Pif è un raccomandato di talento. Per carità, nulla di male: se lo merita. Suo padre è Maurizio Diliberto, professione regista e un ruolo l'avrà pure avuto nella carriera del figlio che a 26 anni era già assistente di Franco Zeffirelli nella produzione del film Un tè con Mussolini e, due anni dopo, di Marco Tullio Giordana per I cento passi. Ma poco conta: se uno è bravo, e lui lo è, le raccomandazioni non esistono. Pif, ossia Pierfrancesco Diliberto, nato a Palermo il 4 giugno 1972, attualmente fidanzato con Giulia Innocenzi e di conseguenza di una buona parte dell'intellighenzia nostrana, è il personaggio dell'anno, almeno uno dei pochi che sia riuscito a coniugare qualità e quantità, portando soprattutto una cifra nuova. Va bene, sul palco della Leopolda (la convention di Renzi), Pierfrancesco Pif ha attaccato la Bindi e si è appellato a Epifani per cacciare dal Pd il senatore Vladimiro Crisafulli conquistandosi un ruolo di rilievo nel parterre dei rottamatori.
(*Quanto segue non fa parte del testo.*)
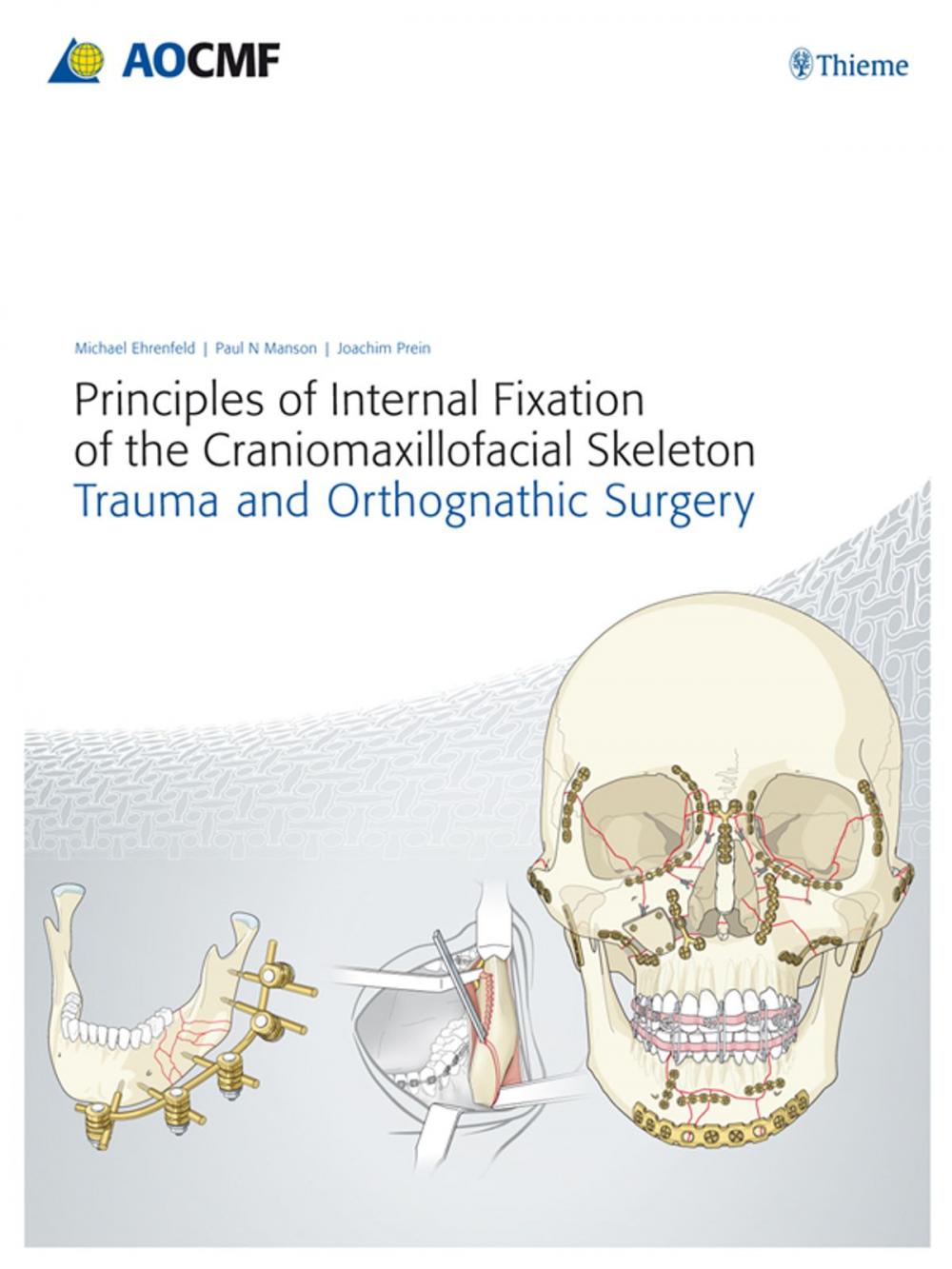 Big bigCover of Principles of Internal Fixation of the Craniomaxillofacial Skeleton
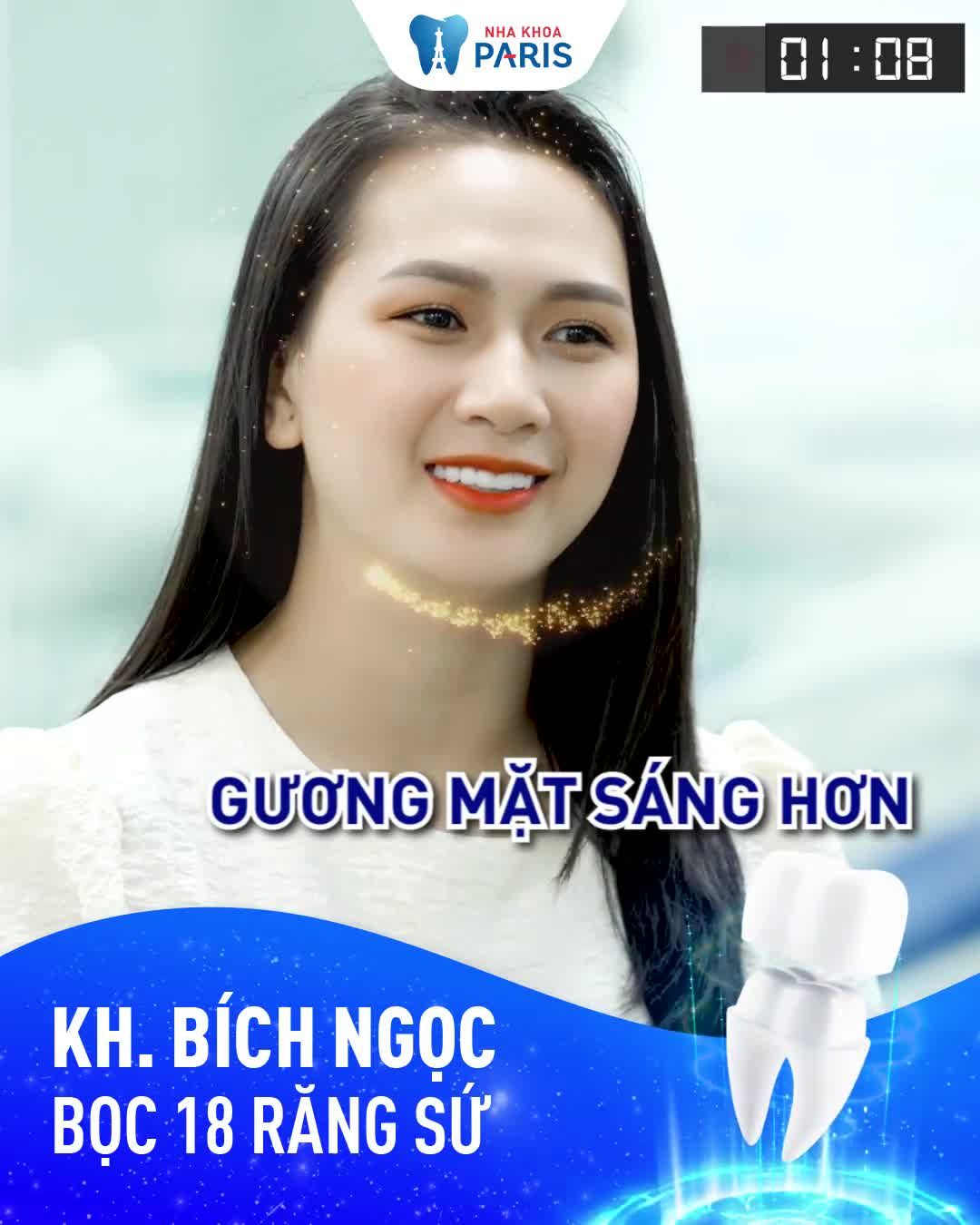 1 Năm Sau Bọc Răng Sứ Sẽ như thế nào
Ma la sua statura artistica (almeno per chi non lo valuta con le lenti della politica) dipende da altro.
Ha fatto l'autore tv (dopo aver partecipato a un concorso Mediaset) e poi è diventato inviato delle Iene. Da qui, tanto per capirci, viene il suo soprannome Pif, coniato durante una trasferta di lavoro dal suo «collega» Marco Berry. Nel frattempo, siamo intorno al 2007, Pierfrancesco Pif si è inventato il programma che è diventato la sua consacrazione. Il testimone su Mtv. Un programma che grazie a un taglio particolare, a metà tra l'inchiesta, il reportage e il cabaret, si guadagna l'attenzione del pubblico (non troppo) e dei critici (troppi). Un lavoro lento, progressivo, inarrestabile. Gli serve per guadagnarsi la cosa più difficile per uno che viaggia da solo: la credibilità. Pif è uno credibile. E non solo perché nel maggio 2012 ha pubblicato un racconto che ricordava in qualche modo la morte di Falcone e Borsellino (Sarà stata una fuga di gas, compreso in Dove eravamo di Caracò Editore). Ma perché è riuscito a fare un percorso che a pochi altri è riuscito. Per capirci, se Pif è uomo dell'anno molto dipende dal fatto che il suo film La mafia uccide solo d'estate (del quale è regista e protagonista) sia stato giudicato un capolavoro dal pubblico del Torino Film Festival e il presidente del Senato Pietro Grasso (uno che di mafia se ne intende) lo abbia giudicato come «la migliore opere cinematografica sul tema mafia che abbia mai visto».
Perciò, valutando le fiches di questo quarantunenne discendente del grande scultore neoclassico Bertel Thorvaldsen, ciascuno può facilmente prevedere che Pif sarà uno dei protagonisti del 2014. Creativo. Inarrestabile. Inserito nel giro giusto. Persino Aldo Grasso, uno che non fa sconti quando deve stroncare ma neppure quando elogia, ha scritto che «il suo è un giornalismo d'inchiesta innovativo che ha molta presa sul pubblico più giovane». E Fiorello lo ha ospitato all'EdicolaFiore quasi a consacrarlo.

Due estremi che convergono su di un nome: Pif. Un motivo ci sarà, no?